Dangote Highlights Opposition to Nigeria’s $20 Billion Oil Refinery Project
Aliko Dangote, recognized as Africa’s wealthiest individual, has shed light on the significant obstacles faced during the development of a $20 billion oil refinery in Nigeria. He referred to entrenched interests benefitting from the nation’s fuel import and subsidy system as a formidable “mafia” committed to preserving their profitable arrangement.
The resistance, according to Dangote, primarily stems from traders, shippers, and local beneficiaries who perceive the new refinery as a threat to their lucrative earnings. These individuals are entrenched in Nigeria’s long-established oil subsidy system, which has historically favored a select few.
During a conversation with Nicolai Tangen, CEO of the Norwegian Sovereign Wealth Fund, Dangote highlighted how these vested interests have been hindering progress on project sites, delaying the commencement of refinery operations. He noted, “All this would have been blocked by the so-called mafia in the oil business so that we would not come and address these issues.”
Securing land for the refinery proved to be a protracted process, with five years spent negotiating the necessary approvals. Dangote experienced delays of three-and-a-half years in one location and another year-and-a-half in a different site due to the efforts of stakeholders aiming to obstruct the initiative.

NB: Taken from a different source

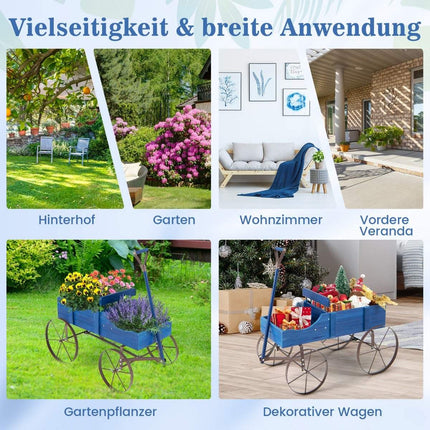 Flower stand wooden trolley plant trolley flower trolley with metal wheels 62 x 34 x 60 cm blue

Despite these challenges, Dangote remained resolute, emphasizing the team’s commitment to the project. “We didn’t flinch at all. We were really focused. We knew what we were doing,” he asserted. He pointed out that Nigeria, despite being a significant crude oil producer, has historically relied on importing refined petroleum products, resulting in economic detriment and substantial enrichment for a select group.
The annual subsidy payments alone reach nearly $10 billion, enriching a few traders and shippers while burdening the economy. “Nigeria was giving out about $10 billion every year in subsidies,” he remarked. “The people who were actually benefiting were… shippers making huge profits, traders making huge profits.” He emphasized that smaller entities also exploit the allocation of local products within the subsidy framework.
The construction of the refinery necessitated the development of entirely new port facilities and supporting infrastructure, employing around 67,000 people throughout the process. Dangote acknowledged that the project has evolved into a much larger and more complex endeavor than initially anticipated, but emphasized that abandoning it was never on the table.
Refinery’s Impact on Nigeria’s Oil Market
Using a metaphor reminiscent of navigating treacherous waters, Dangote explained the ongoing challenges faced during the refinery’s construction. “When you get to the middle of the ocean, you see that the current is bad. It’s bad going forward and bad going backward. So you have to move forward,” he elaborated.
Notably, the refinery has already altered the market dynamics, substantially diminishing the power of companies reliant on imports and subsidy payments. Currently, it sources over half of its crude oil from domestic suppliers while also importing from Angola, Libya, and the United States. “We source about 56% from Nigeria and some from Angola. We buy a significant amount from Angola, we buy from Libya and we also buy from the United States,” he detailed, noting a shift from importing large quantities of WTI crude from the U.S. to securing more Nigerian crude.
In terms of scale, the refinery is currently purchasing 21 cargoes of oil from Nigeria monthly, with plans to expand significantly. “Within the next 30 months, it’s going to be 1.4 million barrels a day. That’s a huge amount,” he said, indicating the ambitious growth trajectory planned for the facility.